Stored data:

*** Begin section ***

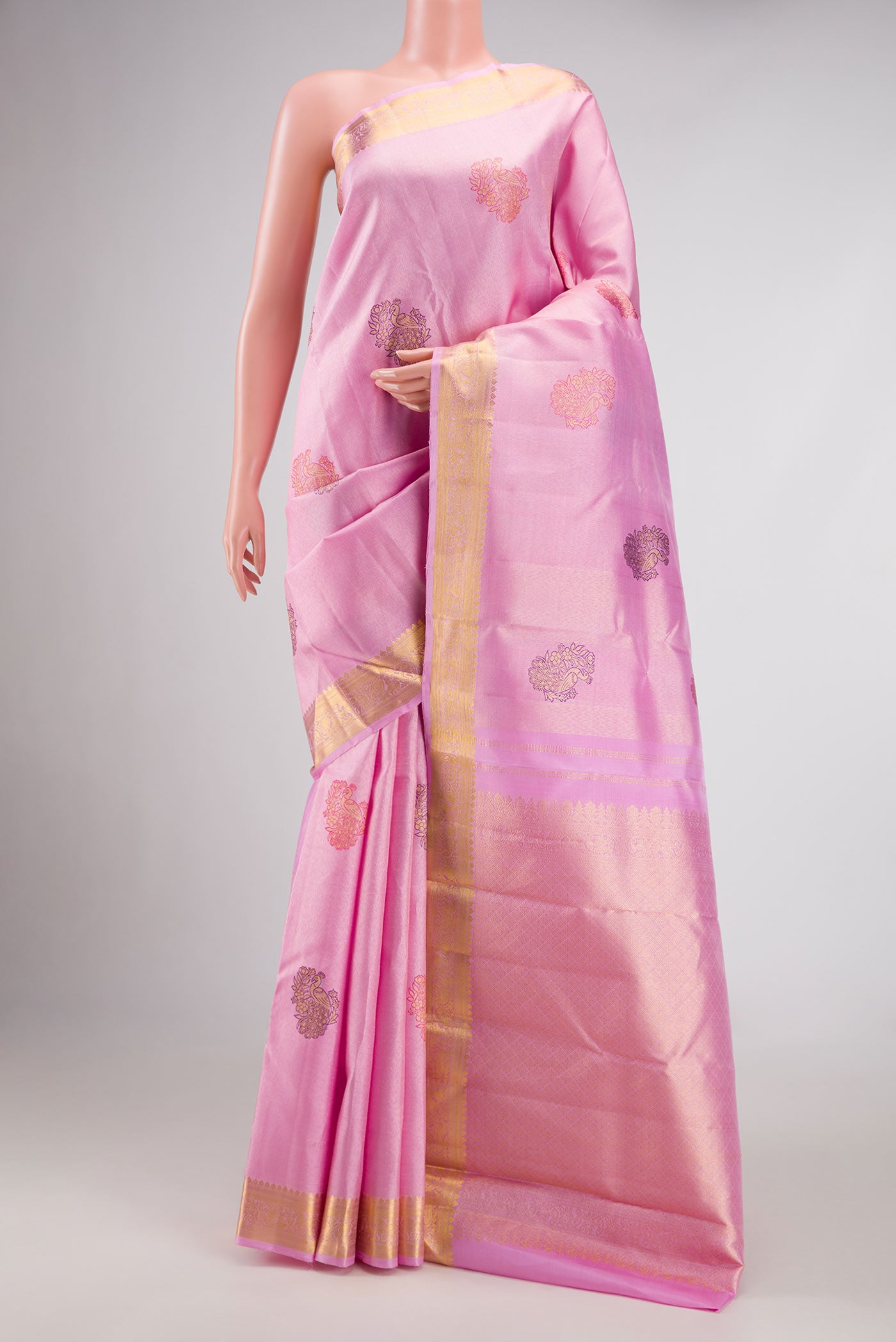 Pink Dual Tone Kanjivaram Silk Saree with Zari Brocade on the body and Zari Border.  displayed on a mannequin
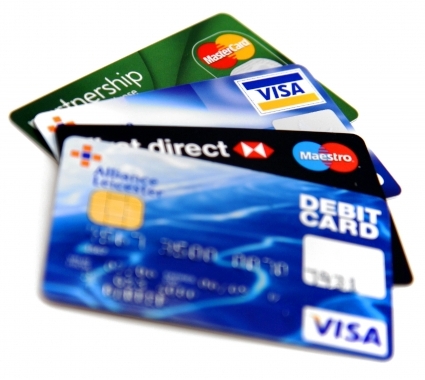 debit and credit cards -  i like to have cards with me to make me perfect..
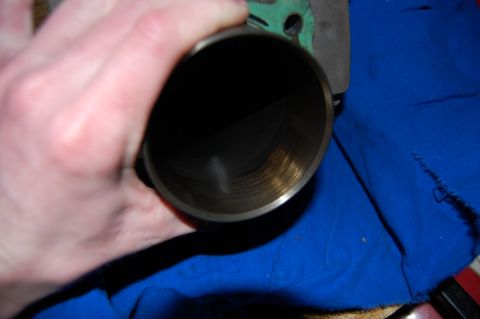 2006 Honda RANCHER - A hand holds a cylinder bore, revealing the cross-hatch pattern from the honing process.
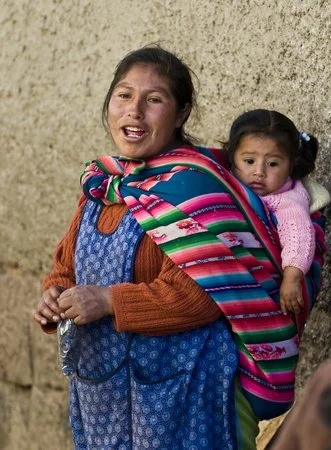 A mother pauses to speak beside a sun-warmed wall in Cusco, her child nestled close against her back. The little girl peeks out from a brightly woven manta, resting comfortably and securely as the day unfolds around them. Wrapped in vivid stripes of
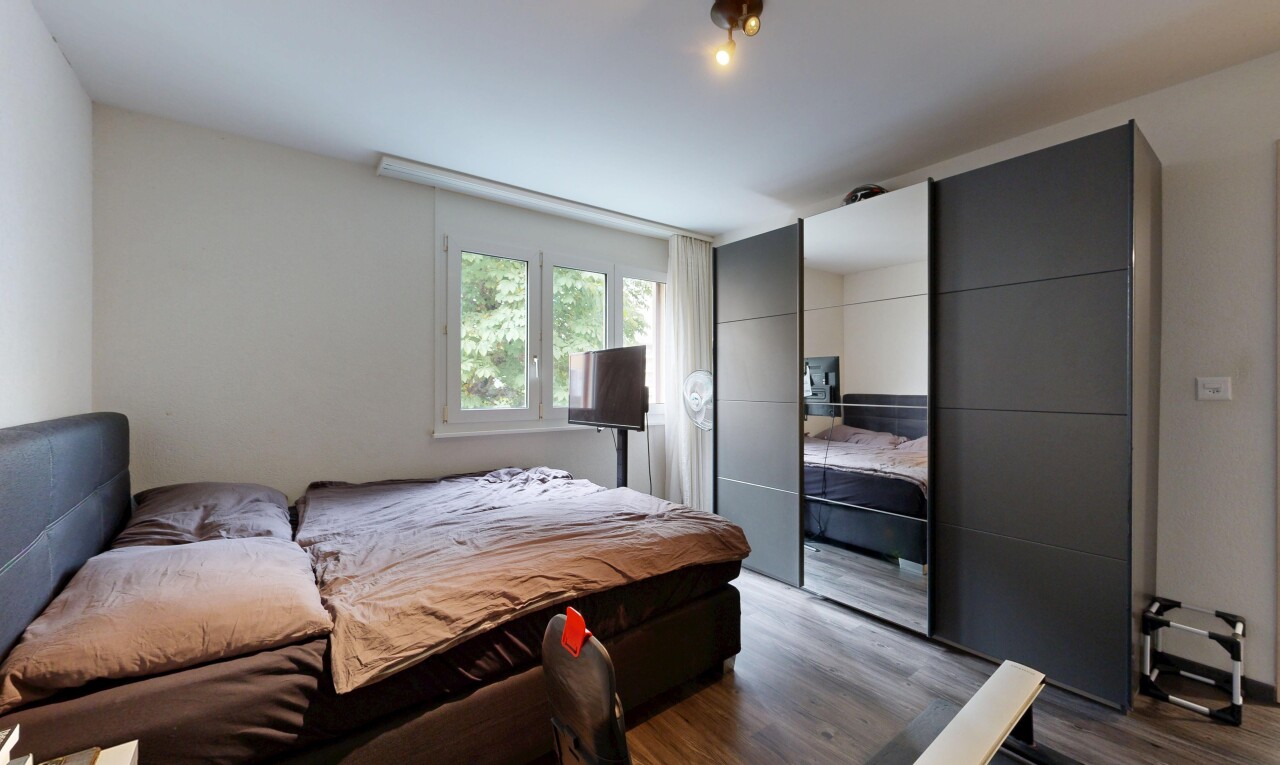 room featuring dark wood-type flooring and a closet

*** End section ***
*** Begin section ***

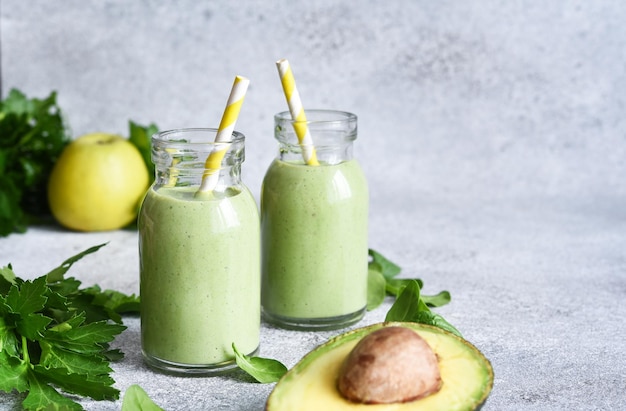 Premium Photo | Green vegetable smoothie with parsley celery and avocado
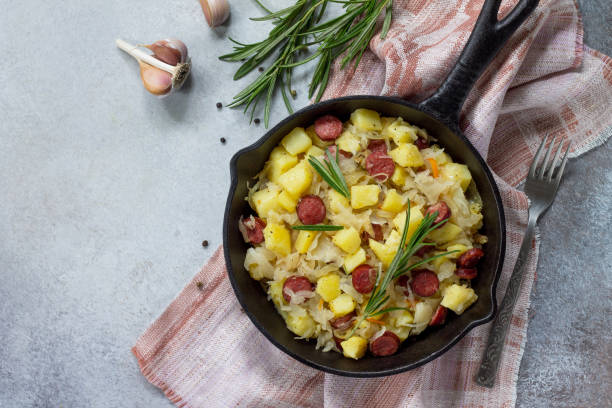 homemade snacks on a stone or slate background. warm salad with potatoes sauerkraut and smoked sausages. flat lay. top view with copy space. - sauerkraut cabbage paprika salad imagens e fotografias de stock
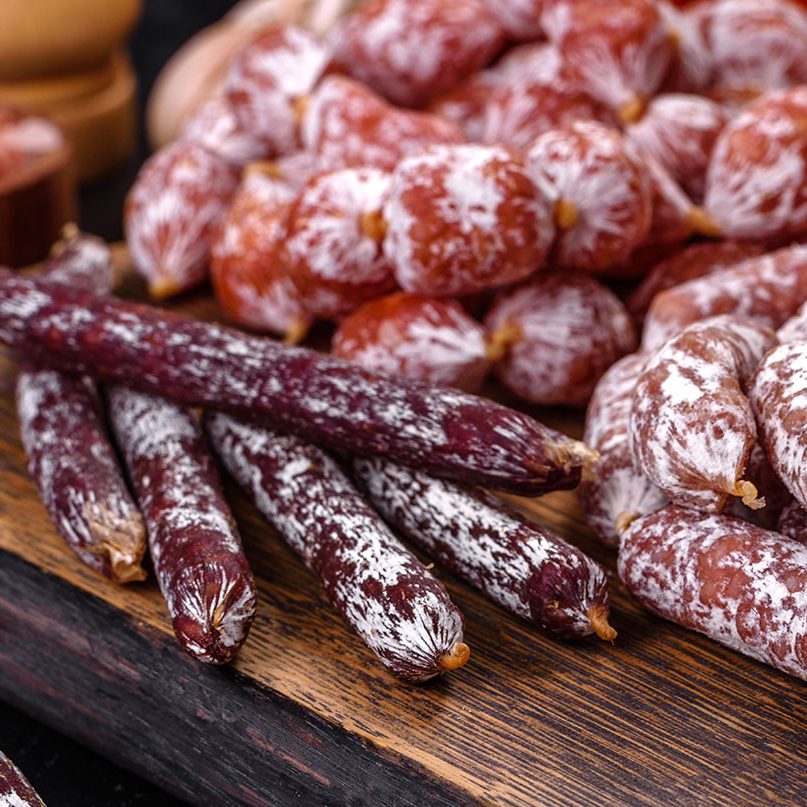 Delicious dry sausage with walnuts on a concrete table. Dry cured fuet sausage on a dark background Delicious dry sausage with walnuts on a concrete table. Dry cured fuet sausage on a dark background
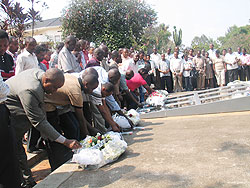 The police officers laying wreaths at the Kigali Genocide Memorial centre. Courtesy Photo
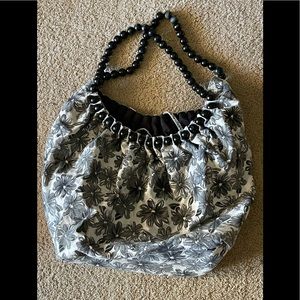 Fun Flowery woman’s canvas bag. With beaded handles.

*** End section ***

Problem statement: Using the entries above, reproduce word for word only the lines from the one that contains "2006 Honda RANCHER" to the one that contains "A mother pauses", both ends included, and drop every picture.

Written response:
 2006 Honda RANCHER - A hand holds a cylinder bore, revealing the cross-hatch pattern from the honing process.
 A mother pauses to speak beside a sun-warmed wall in Cusco, her child nestled close against her back. The little girl peeks out from a brightly woven manta, resting comfortably and securely as the day unfolds around them. Wrapped in vivid stripes of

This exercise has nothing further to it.